For Serious Baseball Stat Geeks: Does Your Gut EVER Overrule Your Numbers?

Well, it’s hard to separate “thinking they’re better” from just liking or disliking a player. I absolutely despise Lyle Overbay. Technically I guess he was an okay hitter last year; his numbers were not terrible, but I still dreaded his appearances because I just hate him and dread filled me whenever he stepped to the plate.

Of course, there’s also the fact that the stats just aren’t perfect, especially when it comes to fielding. The stats say that Jose Bautista is a terrible fielder but I have to admit I’m skeptical; he looks good to me. If there was some supporting evidence Bautista was a bad fielder maybe my mind would be changed, but it’s just that UZR et al. say one thing and yet he looks fine. If anything the supporting eidence kind of backs me up (Bautista’s team won more games than the analytical stats say they should have - a sign something is being missed somewhere, and the something could very well be fielding.)

That said, there’s sch a long history of fielding stats being wrong, that might just be geekery. When the methods of the 1990s said Roberto Alomar was the Worst Second Baseman Evar!!!111! I just didn’t for an instant believe them. He was visibly NOT a bad second baseman, and the surrounding information just seemed really weird, most notable the fact that the methods of the time claimed Alomar was a fine fielder in 1988-1990 with the Padres, and a fine fielder 1996-on with the Orioles, but somehow, in the prime of his career and for no explained reason, sucked in between in Toronto. That screams “illusion of context,” doesn’t it? And yet a lot of stats geeks simply would not budge from the methods of the time, insisting they had to be right.

I’m not sure I believe the numbers now. While looking up various assessment of Robbie Alomar’s defense, I looked up some of his teams. According to WARP, the 1993 Toronto Blue Jays was basically no better a fielding team than a Triple-A ballclub; collectively all their fielders were just 1.4 games better than a team of replacement level players with the glove. Amazingly, according to WARP, the best defensive player on the Blue Jays was Devon White. Okay, no surprise there, but the second best was… Rob Butler. Rob Butler, who played a grand total of 113 innings (about 13 games) in the outfield, making 32 catches, one error and no assists, was worth the better part of a game over a replacement player. In just 13 games. The rest of the team were mostly sub-major-league-quality fielders. This was, mind you, the World Series champion, a team that sure as hell LOOKED like they could field the ball.

Well, I don’t believe those numbers for an instant.
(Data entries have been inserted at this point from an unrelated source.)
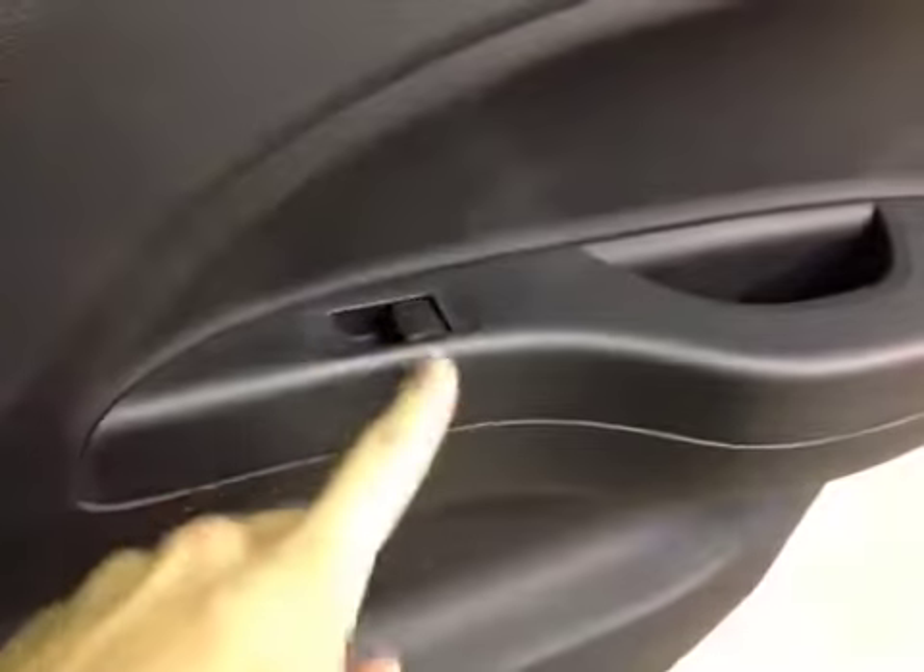In the back of the vehicle here we have power windows, as well as a lot of legroom for the back passengers.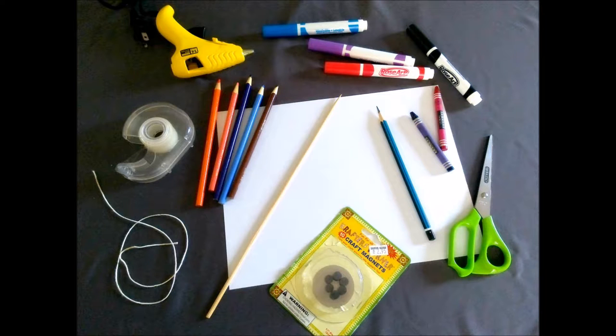First, you need crayons or coloring pencils, markers, pencil, scissors, a piece of magnet as small as you can find, tape, glue gun, and a letter size white bristle board. Skewer, a piece of thread or string.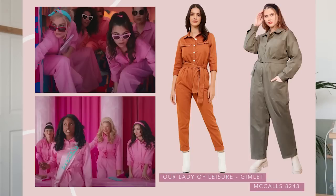Next up we had the scene where they were trying to get Barbie World back and they were all wearing pink boiler suits, which I thought were great. Pattern-wise, the Our Lady of Leisure Gimlet — if you are looking for something with a slightly slimmer leg, I thought this would work really well. It's got buttons up the front and the crucial thing about this look was having a tie at the waist, which this one does. The other option is the McCall's 8243 — this is a wide leg, which is probably a little bit more similar to the movie, but it's got buttons down the front and pocket details that you can include or leave off. I thought both would be really good.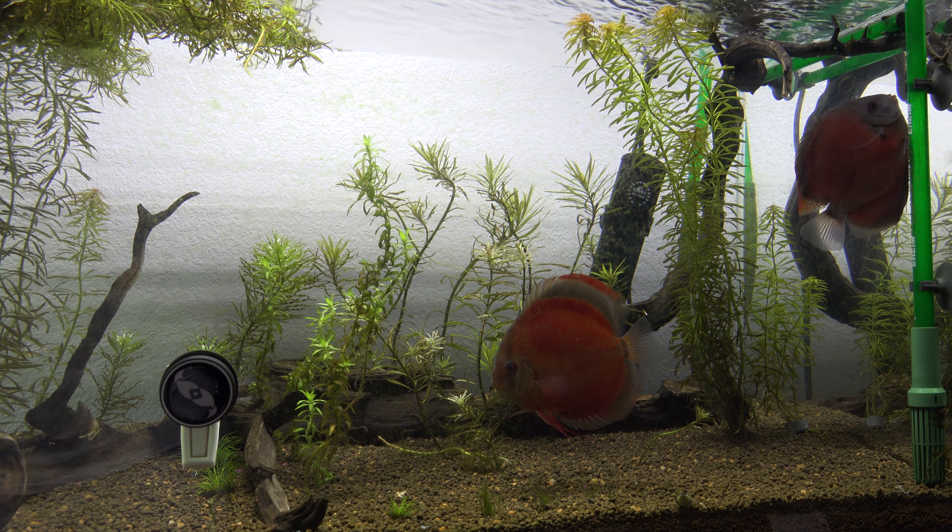You can't fully confirm a pair until you actually see wigglers, so until I see wigglers I won't call it a confirmed pair. You have one laying eggs, which is great because you have a female, but the other could also be a female — that happens. Things are looking good though because they're already spawning. Honestly, the spawning action kind of threw me off because I wasn't really prepared to try and raise fry. But raising fry up to adult size is one of my personal goals in this hobby that I really wanted to accomplish this year.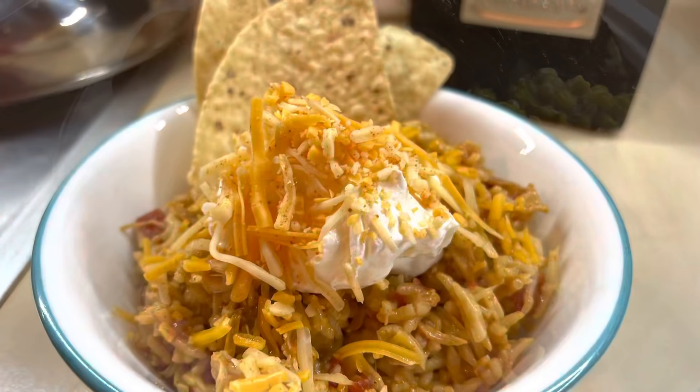And that is it y'all — that wraps up today's video. I really hope you enjoyed these four super easy and delicious crock pot recipes, and I'll see you in the next one. Bye guys!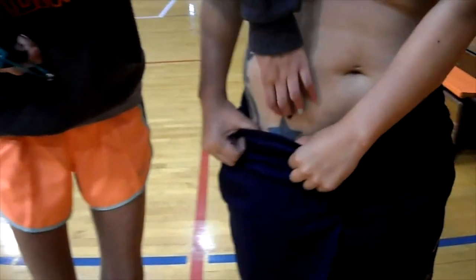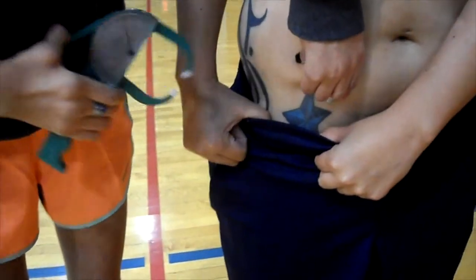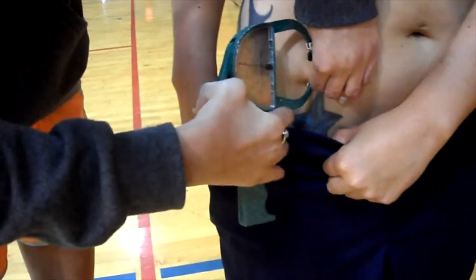The final fold is the suprailiac. This measurement should be taken in line with the natural angle of the iliac crest.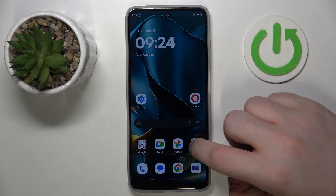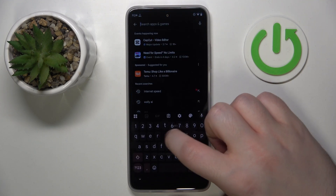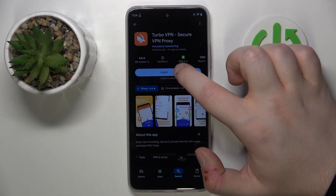So you have to start by opening your Google Play Store, then click on the search bar and type in Turbo VPN and click search. Now select this application and click install.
They’re fucking insane. Rob Butler, in 113 innings and with no other evidence to suggest it, was equal in defensive skill to Willie Mays, and one of the only good fielders on the best team in the league? Ed Sprague was a better fielder than Roberto Alomar? I’m sorry, but I am absolutely convinced the metrics are wrong.

The problem is I still qualify for my geek hat because I can prove they’re wrong. Here’s another problem I see. According to the WARP method the Blue Jays (95-67) were 42.4 wins above replacement level - 27.8 from their hitters, 13.2 from their pitchers, 1.4 from the fielders, led by Devon White and Rob Butler. Okay.

Let us now examine the Baltimore Orioles (85-77.) It seems to me that, since the Orioles won 10 fewer games, they should be “worth” 10 fewer WARP. They played in the same league and in the same division, so that just makes sense, right? But no; according to WARP, the Orioles were 37.4 WARP.

That makes no sense to me. If the Blue Jays won 95 games and the Orioles won 85, the total value of Blue Jay players has to add up to 95 wins, and the total value of Orioles players has to add up to 85 (or however many WARP those win totals are above replacement level.) Value is winning. You cannot logically say a team that won ten fewer games was worth just five fewer games. They obviously were not.

I think some of that missing value was in Robbie Alomar’s glove.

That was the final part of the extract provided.